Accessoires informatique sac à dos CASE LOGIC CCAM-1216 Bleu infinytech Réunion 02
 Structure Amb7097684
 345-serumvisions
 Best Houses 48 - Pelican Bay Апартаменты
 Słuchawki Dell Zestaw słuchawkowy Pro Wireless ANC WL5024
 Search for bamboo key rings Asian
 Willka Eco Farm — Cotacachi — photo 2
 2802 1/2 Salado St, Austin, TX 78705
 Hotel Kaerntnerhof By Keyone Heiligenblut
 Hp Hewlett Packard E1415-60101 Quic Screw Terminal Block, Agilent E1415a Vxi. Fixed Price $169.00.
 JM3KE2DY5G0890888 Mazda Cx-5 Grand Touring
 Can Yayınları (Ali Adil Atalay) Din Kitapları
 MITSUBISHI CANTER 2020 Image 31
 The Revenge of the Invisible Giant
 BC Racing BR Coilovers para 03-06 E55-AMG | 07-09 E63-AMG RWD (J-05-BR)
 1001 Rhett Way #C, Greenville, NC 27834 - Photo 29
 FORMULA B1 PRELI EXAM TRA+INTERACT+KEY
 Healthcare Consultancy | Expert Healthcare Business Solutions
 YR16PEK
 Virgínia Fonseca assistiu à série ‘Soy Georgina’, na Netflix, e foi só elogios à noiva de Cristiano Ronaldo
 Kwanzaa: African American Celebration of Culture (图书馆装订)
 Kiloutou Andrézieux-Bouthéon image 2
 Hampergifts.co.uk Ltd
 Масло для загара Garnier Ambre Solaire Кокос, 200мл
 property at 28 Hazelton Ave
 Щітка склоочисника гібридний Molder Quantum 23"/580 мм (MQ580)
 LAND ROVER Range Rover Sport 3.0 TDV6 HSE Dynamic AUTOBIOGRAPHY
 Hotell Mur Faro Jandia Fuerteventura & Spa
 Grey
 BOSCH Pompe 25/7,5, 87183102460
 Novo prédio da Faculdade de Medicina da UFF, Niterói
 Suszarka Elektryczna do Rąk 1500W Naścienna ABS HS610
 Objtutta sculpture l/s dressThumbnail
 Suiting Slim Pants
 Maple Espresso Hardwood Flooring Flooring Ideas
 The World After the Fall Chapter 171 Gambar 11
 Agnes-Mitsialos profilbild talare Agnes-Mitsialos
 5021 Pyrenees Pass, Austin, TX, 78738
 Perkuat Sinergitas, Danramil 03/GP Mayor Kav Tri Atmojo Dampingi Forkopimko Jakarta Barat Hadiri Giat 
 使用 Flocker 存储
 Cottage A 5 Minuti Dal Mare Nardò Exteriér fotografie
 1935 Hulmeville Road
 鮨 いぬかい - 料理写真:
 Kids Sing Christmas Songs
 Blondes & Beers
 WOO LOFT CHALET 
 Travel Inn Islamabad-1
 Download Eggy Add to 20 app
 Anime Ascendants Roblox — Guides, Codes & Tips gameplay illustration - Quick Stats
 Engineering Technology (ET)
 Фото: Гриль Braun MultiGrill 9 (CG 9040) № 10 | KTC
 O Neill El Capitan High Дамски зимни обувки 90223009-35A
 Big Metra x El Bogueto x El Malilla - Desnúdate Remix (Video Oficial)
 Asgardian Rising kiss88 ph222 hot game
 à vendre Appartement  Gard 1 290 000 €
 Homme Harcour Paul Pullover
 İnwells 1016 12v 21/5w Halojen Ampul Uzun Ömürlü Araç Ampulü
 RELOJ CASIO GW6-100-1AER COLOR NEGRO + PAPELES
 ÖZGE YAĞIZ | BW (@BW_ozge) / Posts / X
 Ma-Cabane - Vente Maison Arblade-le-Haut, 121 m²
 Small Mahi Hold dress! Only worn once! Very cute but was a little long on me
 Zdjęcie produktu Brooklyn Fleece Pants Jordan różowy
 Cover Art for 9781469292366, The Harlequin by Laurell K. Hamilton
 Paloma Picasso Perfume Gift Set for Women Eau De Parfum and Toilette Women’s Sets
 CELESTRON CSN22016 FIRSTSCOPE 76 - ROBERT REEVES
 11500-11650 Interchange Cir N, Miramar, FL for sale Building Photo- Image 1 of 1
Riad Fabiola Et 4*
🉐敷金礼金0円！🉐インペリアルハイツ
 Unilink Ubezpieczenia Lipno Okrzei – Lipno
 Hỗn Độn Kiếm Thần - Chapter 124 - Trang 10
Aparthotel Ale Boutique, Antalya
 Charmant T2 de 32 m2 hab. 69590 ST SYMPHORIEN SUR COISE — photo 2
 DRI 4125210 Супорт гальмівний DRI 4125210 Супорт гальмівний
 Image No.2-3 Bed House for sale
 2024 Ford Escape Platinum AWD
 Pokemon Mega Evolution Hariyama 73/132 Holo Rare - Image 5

::::::::::

Over the whole listing above, give the number of lines in which "sale" occurs, and no other words.

▶ TASK SOLUTION
2